The performances were enthusiastic and filled with fun. I think the ballerinas had the most trouble (limited, but sometimes present) when turning in the very middle of the stage, as this is necessarily a hastily constructed platform and there are likely a few buckles and bows on it.

The center of the stage also proved a tough spot for the evening's emcee--it seemed like Los Angeles's Ballet's co-director Colleen Neary was, er, tap-dancing for time quite a bit--either that, or there was a necessary educational component that came with the staging. The component largely noted for a very tolerant audience of about 2,500 how Ms. Neary knew Balanchine in this way and in that way and especially not in that way, though she was indeed only too glad to wear his perfume and she let us know she could count steps better than some other girls.

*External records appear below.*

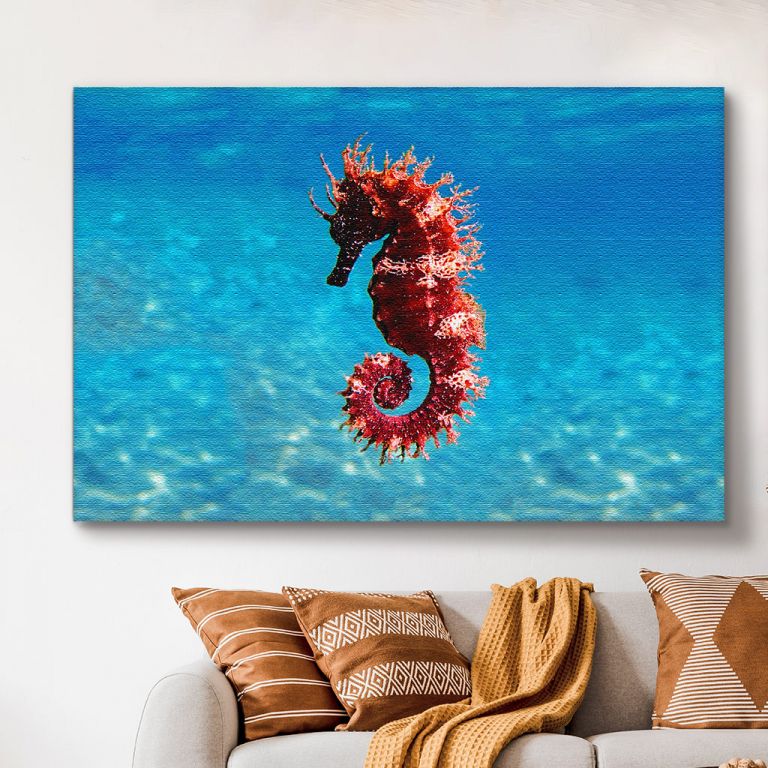 pinakas-se-kamva-orizontios-saloni-d-03569-mediterranean-seahorse-hippocampus-guttulatus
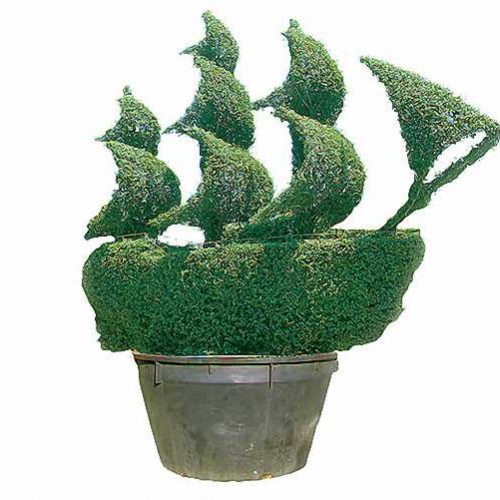 Topiary Tall Ship (Ligustrum Jonandrum)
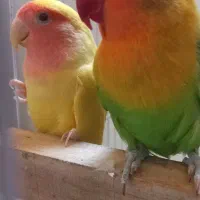 طوطی برزیلی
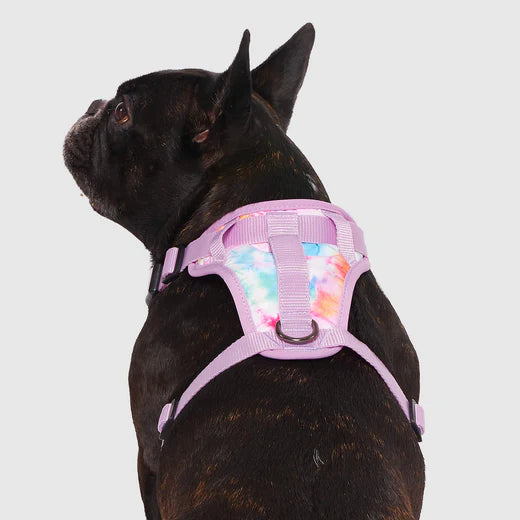 CANADA POOCH® THE EVERYTHING HARNESS TIE DYE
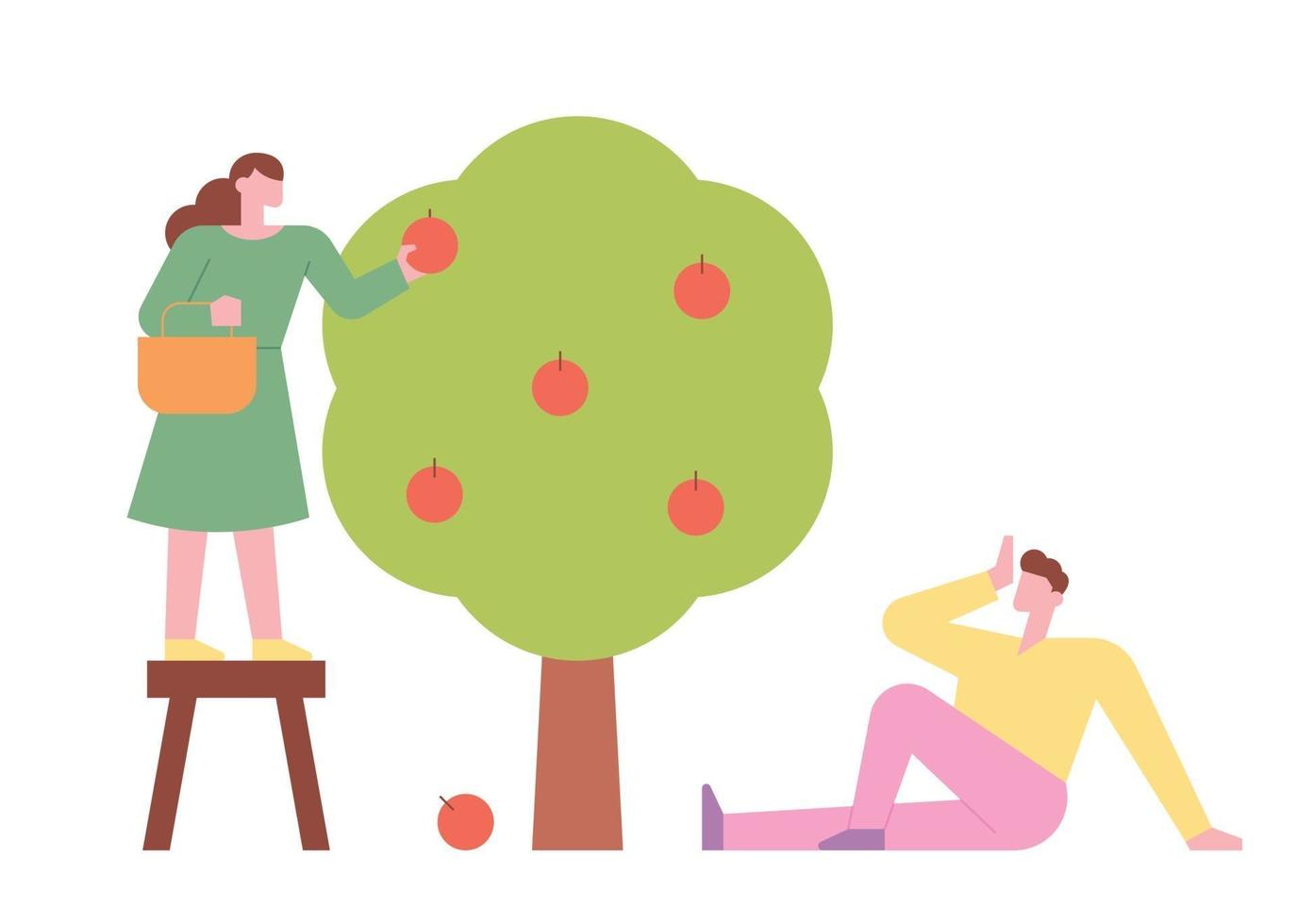 A man and a woman are harvesting the fruit of the tree. vector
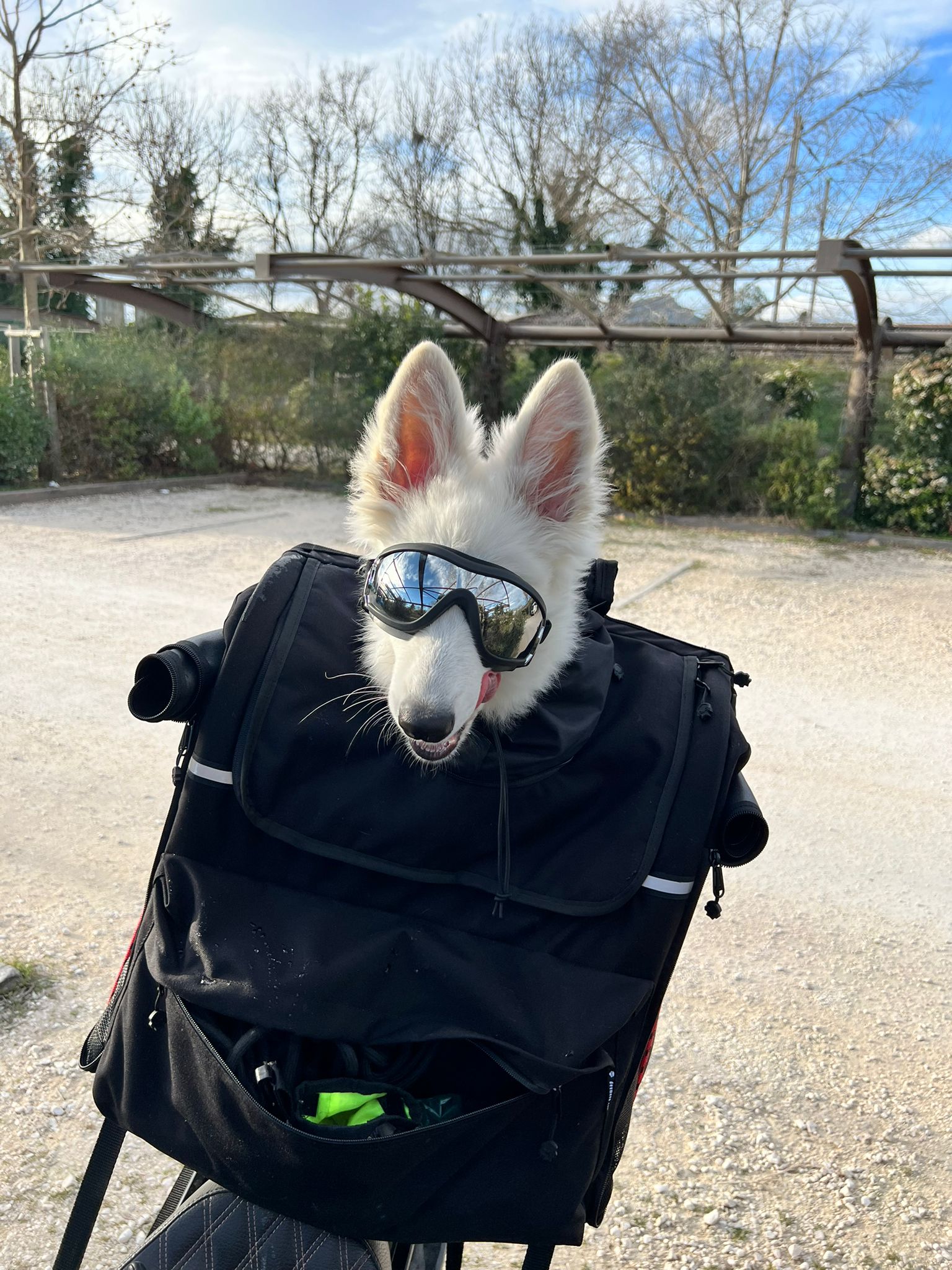 Berger Blanc Suisse — Bloodreina pour Pyrénées-Orientales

The company's Ally duo, principal dancers Allyssa Bross and Allynne Noelle, especially shone under the stars, weaving and chicken-winging and waitressing their way through the patented Balanchine modernism. I thought a couple of men a little too striving rather than secure with their performances, and caught a couple of very relieved smiles from them after they departed the stage.  The lighting was exceptional given the outdoor venue but the right speakers were unreliable and had to be taken offline during some segments, including the delicate court dance riff in Agon.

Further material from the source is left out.